Сколько времени уже прошло? Георгий не хотел считать. Лето для него прошло незаметно, в каком-то забвении. Хоть Савин и вернулся на работу в свое телевидение, но справлялся со своими обязанностями кое-как. Просто работа перестала приносить радость. Каждую неделю он не мог дождаться выходных, чтобы снова остаться в одиночестве со своим горем.
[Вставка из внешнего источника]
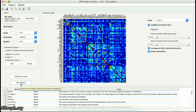Welcome back to the tutorials of BRAF. In the previous videos, we have seen how we can create and modify brain atlas and an MRI cohort using BRAF. In the first part of the tutorial of the MRI graph analysis package, we have gotten familiar with the initialization of the graph analysis.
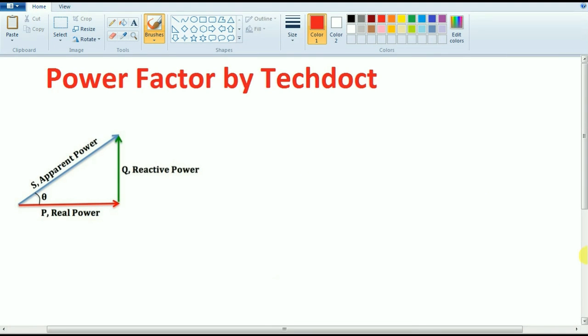Hi, so now we are going to show you a video about what is the power factor — how easy it is to understand. We are going to show you a full video on power factor. There is a video available in Tamil and Hindi, so let's make it easy. Let's talk about what is the power factor.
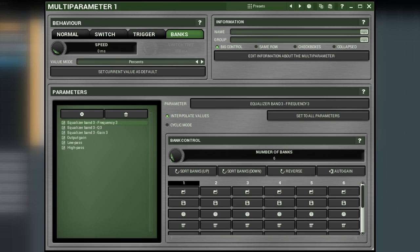Hi, in the second part of multi-parameters series we're going to discuss the Banks mode, one of four modes that determine multi-parameters behavior. For the other three modes - normal, switch and trigger - please refer to the first part of the series.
Он каждый вечер субботы и воскресенья гулял по городу, проводя время в воспоминаниях. Вот и сегодня он медленно брел вдоль улиц. Георгий сам не замечал, каким маршрутом он шел. Погода была как раз солнечная и по-осеннему теплая, не смотря на прошедший утром дождь. Этой ночью ему приснился необычный сон, в котором была та самая бабушка.

—Сегодня ты откроешь свой дар,— сказала она.— Сегодня ты поймешь, что делать. Ищи черный цвет.

«Ищи черный цвет. Ищи черный цвет». Что старушка хотела этим сказать? Может аура? Аура человека имеет цвет. Но он особо не верил в это… Каждая вещь, каждое живое существо излучает энергию. И эта энергия имеет свой цвет. И что? Он сможет видеть эту энергию, как теплочувствительный прибор? Савин шел в глубоких раздумьях, не замечая вокруг себя никого и ничего. Он не замечал, куда идет.

Вдруг с ним стало происходить что-то непонятное. У него появилось чувство, будто голова закружилась. Он остановился, но лучше не стало. Георгий подумал, что упадет в обморок, но вместо этого… Все вдруг исчезло. Нет, не совсем. Все изменилось, стало таким интересным, будто написанным маслом, и засветилось радужными цветами, даже люди. Кто-то светился розовым и желтым цветом, кто-то синим и фиолетовым с зеленым, кто-то голубым с примесью красного. Среди всего этого разнообразия красок он увидел черный цвет. Он увидел человека, окруженного черной дымкой. Неужели это тот самый черный цвет, о котором говорила бабушка? Георгий просто пошел за ним. Практически на ощупь, интуитивно, потому что кроме радуги цветов он ничего не видел. Он сталкивался с людьми, иногда шел вдоль стены, держась за нее, чтобы не упасть. Позже краски постепенно рассеялись, снова открыв взору реальность, но журналист продолжал идти за черным цветом. Этот цвет уже приобрел свой образ — девушку с русыми волосами, маленькую, хрупенькую и беззащитную. Она зашла в подъезд девятиэтажного дома и начала подниматься вверх пешком. Георгий пошел за ней, а девушка поднялась на последний этаж, открыла дверь на чердак, а оттуда вышла на крышу дома. Савин не отставал. Девушка подошла к краю.

Неужели она хочет спрыгнуть с крыши? Он вспомнил слова той бабушки: «Ищи черный цвет!» «Неужели это оно?— подумал Савин.— Это и есть тот дар? Я, тот, который сам не хотел жить, теперь должен спасать других, кто хочет уйти? Как им объяснить, что они должны жить? Я сам до сих пор не уверен, что распрощался с мыслью о самоубийстве. Я не справлюсь… Что же толкает эту девушку на такой шаг? Какие мотивы для жизни найти для нее?»